TO DO: Copy verbatim the block of lines in the entries below whose first line contains "Muursticker Cirkel - Zon" and whose last line contains "Senderos de flujo de agua". Leave out all other lines.

Top of EXERCISE INPUT

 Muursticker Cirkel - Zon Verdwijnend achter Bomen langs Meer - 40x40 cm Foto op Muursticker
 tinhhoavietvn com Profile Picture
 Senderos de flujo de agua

Bottom of EXERCISE INPUT
Top of EXERCISE INPUT

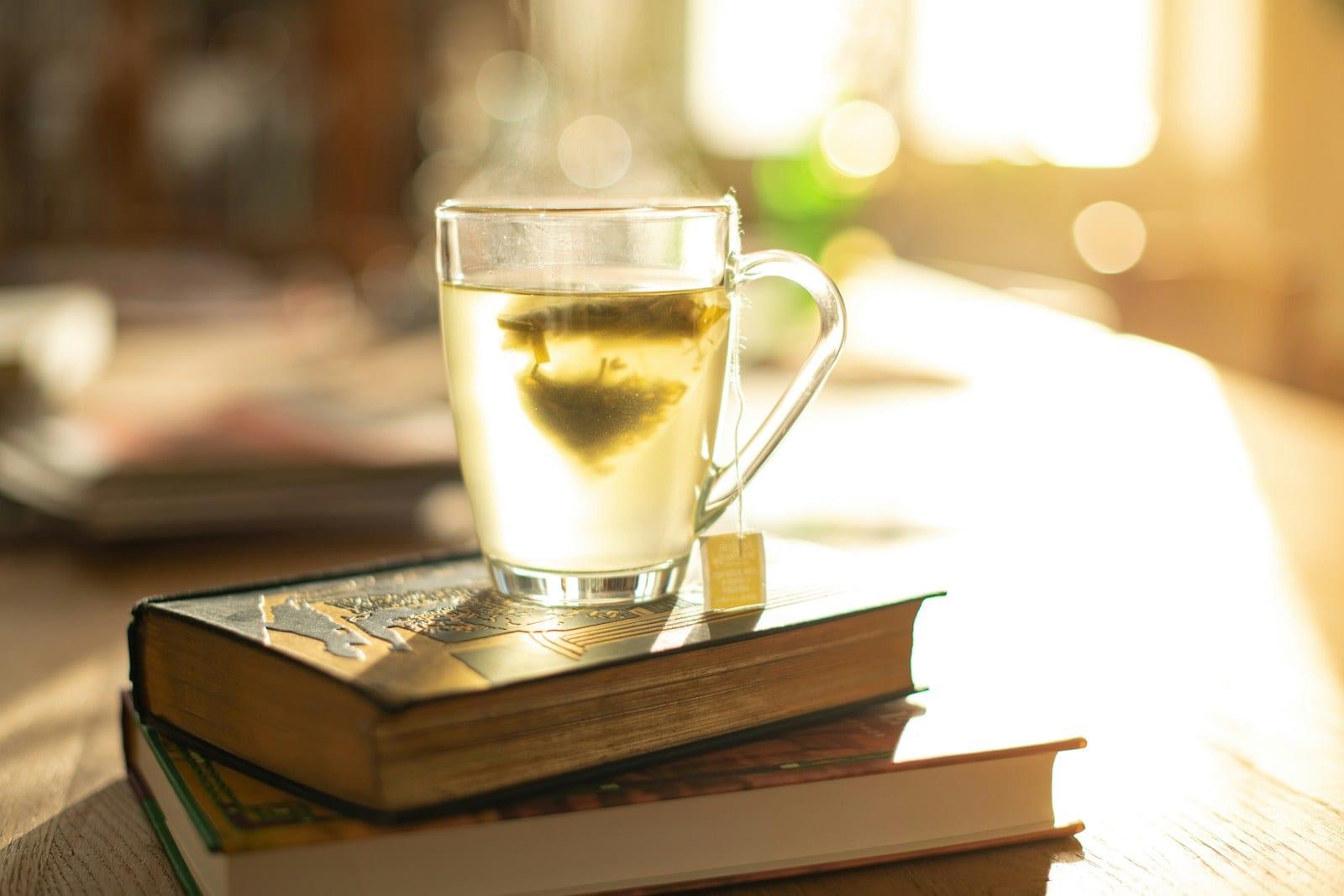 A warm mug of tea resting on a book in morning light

Bottom of EXERCISE INPUT

RESULT OF THE EXERCISE:
 Muursticker Cirkel - Zon Verdwijnend achter Bomen langs Meer - 40x40 cm Foto op Muursticker
 tinhhoavietvn com Profile Picture
 Senderos de flujo de agua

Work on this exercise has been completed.